Instructions for the task:
Would you repeat exactly the part of the listing below that runs from the line containing "8 x 8.5 ft Apex" down to the line containing "3D Toons Red Alphabet - 3D Illustration", inclusive, and nothing else?

========================================================================

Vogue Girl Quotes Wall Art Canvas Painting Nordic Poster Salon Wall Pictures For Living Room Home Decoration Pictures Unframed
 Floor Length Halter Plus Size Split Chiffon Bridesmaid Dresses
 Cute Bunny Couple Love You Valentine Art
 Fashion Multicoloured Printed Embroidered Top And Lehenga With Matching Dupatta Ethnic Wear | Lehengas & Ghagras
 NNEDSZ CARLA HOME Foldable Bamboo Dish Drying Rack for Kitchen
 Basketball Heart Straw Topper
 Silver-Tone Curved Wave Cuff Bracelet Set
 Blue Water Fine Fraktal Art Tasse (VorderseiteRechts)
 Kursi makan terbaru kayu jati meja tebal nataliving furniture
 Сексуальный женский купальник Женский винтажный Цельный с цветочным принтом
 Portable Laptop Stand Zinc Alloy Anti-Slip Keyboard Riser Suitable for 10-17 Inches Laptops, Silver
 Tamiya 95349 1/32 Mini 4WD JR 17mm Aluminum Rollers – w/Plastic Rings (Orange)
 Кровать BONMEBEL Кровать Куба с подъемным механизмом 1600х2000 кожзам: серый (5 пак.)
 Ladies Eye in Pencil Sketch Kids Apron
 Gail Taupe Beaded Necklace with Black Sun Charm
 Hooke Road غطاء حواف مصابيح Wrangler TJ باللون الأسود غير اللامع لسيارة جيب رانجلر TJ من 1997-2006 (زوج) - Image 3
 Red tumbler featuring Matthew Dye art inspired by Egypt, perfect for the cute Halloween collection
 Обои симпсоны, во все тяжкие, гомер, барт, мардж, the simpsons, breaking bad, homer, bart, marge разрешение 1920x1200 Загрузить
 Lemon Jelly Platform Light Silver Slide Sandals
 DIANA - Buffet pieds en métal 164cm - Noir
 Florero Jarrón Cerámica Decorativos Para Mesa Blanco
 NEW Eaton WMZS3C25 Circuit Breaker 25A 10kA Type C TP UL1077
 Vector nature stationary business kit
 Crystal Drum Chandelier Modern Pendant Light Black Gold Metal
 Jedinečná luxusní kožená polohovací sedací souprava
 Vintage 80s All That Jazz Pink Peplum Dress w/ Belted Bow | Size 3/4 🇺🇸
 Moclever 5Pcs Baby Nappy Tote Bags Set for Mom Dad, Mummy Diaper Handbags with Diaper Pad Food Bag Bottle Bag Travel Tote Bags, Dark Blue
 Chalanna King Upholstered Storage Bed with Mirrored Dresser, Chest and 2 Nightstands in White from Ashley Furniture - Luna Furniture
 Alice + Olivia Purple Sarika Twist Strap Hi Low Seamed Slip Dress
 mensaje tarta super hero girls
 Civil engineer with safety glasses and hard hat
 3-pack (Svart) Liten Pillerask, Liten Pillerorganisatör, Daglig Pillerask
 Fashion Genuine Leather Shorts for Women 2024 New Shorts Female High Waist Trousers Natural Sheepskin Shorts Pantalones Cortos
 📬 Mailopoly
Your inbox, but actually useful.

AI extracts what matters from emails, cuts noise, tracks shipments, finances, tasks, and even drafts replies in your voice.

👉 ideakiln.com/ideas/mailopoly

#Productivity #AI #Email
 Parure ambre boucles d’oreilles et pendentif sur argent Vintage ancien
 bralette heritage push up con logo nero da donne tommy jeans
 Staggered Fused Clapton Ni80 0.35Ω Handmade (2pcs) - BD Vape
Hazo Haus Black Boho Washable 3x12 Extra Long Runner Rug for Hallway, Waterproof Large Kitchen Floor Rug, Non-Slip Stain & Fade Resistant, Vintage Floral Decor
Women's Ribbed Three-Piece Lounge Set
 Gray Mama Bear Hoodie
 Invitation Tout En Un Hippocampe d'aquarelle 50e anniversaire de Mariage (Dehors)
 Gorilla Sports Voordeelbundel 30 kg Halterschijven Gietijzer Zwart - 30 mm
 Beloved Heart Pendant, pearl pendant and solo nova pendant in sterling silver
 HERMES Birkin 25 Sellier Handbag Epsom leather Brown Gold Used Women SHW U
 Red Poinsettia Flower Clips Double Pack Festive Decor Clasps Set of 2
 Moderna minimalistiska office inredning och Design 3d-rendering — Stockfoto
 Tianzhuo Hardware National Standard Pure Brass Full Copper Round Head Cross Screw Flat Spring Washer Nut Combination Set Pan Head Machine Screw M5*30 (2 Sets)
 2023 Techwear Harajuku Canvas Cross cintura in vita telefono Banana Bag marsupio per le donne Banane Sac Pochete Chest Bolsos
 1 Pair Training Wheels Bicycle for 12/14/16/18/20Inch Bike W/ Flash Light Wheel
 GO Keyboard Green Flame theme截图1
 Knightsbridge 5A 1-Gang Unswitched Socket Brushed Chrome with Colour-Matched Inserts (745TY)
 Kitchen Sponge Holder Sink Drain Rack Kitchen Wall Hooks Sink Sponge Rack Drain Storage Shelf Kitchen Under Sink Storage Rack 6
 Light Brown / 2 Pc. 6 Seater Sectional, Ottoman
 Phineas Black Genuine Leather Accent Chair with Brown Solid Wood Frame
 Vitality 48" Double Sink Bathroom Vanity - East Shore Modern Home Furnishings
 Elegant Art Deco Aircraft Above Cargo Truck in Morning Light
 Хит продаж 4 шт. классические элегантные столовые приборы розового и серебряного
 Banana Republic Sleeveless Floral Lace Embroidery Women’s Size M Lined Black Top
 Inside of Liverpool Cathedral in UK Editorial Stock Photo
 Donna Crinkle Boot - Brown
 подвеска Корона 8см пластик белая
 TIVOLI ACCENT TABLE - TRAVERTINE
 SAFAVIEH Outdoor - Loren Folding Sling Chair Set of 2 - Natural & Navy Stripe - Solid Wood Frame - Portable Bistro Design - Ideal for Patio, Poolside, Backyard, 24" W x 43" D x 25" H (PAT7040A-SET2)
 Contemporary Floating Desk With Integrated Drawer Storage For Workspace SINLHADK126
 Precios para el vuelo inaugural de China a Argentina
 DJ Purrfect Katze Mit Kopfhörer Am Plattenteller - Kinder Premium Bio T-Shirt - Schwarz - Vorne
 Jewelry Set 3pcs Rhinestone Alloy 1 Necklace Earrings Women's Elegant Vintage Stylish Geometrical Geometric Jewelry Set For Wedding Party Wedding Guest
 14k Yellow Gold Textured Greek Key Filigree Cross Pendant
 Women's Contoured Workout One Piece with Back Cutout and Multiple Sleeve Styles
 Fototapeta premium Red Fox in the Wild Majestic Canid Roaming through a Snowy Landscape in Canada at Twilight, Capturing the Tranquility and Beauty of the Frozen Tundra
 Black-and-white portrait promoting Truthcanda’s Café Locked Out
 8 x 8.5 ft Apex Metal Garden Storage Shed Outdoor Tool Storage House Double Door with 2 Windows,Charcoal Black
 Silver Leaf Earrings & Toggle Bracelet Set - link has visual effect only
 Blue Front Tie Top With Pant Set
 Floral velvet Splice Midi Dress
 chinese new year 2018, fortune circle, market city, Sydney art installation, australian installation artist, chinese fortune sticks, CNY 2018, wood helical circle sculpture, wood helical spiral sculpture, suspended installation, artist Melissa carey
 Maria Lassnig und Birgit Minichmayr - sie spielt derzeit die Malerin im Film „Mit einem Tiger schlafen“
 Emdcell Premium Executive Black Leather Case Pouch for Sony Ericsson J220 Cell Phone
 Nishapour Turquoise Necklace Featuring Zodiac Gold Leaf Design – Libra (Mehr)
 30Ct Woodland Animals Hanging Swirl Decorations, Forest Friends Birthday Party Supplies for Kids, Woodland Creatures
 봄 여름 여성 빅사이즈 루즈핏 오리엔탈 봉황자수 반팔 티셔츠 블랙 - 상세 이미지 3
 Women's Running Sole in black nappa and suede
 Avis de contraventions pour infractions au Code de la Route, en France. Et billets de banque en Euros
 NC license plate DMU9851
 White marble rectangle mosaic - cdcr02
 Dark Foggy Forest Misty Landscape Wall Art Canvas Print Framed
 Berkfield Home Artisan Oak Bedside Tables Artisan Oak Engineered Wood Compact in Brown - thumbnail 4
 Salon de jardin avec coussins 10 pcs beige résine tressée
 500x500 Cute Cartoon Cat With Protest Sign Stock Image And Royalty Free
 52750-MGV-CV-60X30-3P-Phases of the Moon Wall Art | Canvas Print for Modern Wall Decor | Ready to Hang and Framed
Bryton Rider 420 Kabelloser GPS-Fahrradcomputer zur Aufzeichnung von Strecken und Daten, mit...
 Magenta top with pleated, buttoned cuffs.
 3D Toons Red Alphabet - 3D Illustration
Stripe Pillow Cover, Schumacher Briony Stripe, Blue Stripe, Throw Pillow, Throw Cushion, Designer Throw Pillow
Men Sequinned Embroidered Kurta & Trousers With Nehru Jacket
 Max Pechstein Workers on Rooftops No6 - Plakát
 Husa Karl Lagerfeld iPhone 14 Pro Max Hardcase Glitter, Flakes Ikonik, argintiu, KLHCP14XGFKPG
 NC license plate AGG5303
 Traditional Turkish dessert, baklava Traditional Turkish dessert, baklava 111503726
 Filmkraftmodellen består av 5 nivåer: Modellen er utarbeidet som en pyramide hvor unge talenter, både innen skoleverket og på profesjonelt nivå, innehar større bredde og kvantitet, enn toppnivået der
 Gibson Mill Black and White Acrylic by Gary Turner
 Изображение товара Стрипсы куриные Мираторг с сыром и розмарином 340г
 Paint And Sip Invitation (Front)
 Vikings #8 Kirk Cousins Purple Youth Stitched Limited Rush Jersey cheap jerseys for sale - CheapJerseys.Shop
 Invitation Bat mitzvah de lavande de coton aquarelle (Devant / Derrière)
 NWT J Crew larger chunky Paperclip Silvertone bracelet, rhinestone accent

========================================================================

Written solution:
 8 x 8.5 ft Apex Metal Garden Storage Shed Outdoor Tool Storage House Double Door with 2 Windows,Charcoal Black
 Silver Leaf Earrings & Toggle Bracelet Set - link has visual effect only
 Blue Front Tie Top With Pant Set
 Floral velvet Splice Midi Dress
 chinese new year 2018, fortune circle, market city, Sydney art installation, australian installation artist, chinese fortune sticks, CNY 2018, wood helical circle sculpture, wood helical spiral sculpture, suspended installation, artist Melissa carey
 Maria Lassnig und Birgit Minichmayr - sie spielt derzeit die Malerin im Film „Mit einem Tiger schlafen“
 Emdcell Premium Executive Black Leather Case Pouch for Sony Ericsson J220 Cell Phone
 Nishapour Turquoise Necklace Featuring Zodiac Gold Leaf Design – Libra (Mehr)
 30Ct Woodland Animals Hanging Swirl Decorations, Forest Friends Birthday Party Supplies for Kids, Woodland Creatures
 봄 여름 여성 빅사이즈 루즈핏 오리엔탈 봉황자수 반팔 티셔츠 블랙 - 상세 이미지 3
 Women's Running Sole in black nappa and suede
 Avis de contraventions pour infractions au Code de la Route, en France. Et billets de banque en Euros
 NC license plate DMU9851
 White marble rectangle mosaic - cdcr02
 Dark Foggy Forest Misty Landscape Wall Art Canvas Print Framed
 Berkfield Home Artisan Oak Bedside Tables Artisan Oak Engineered Wood Compact in Brown - thumbnail 4
 Salon de jardin avec coussins 10 pcs beige résine tressée
 500x500 Cute Cartoon Cat With Protest Sign Stock Image And Royalty Free
 52750-MGV-CV-60X30-3P-Phases of the Moon Wall Art | Canvas Print for Modern Wall Decor | Ready to Hang and Framed
Bryton Rider 420 Kabelloser GPS-Fahrradcomputer zur Aufzeichnung von Strecken und Daten, mit...
 Magenta top with pleated, buttoned cuffs.
 3D Toons Red Alphabet - 3D Illustration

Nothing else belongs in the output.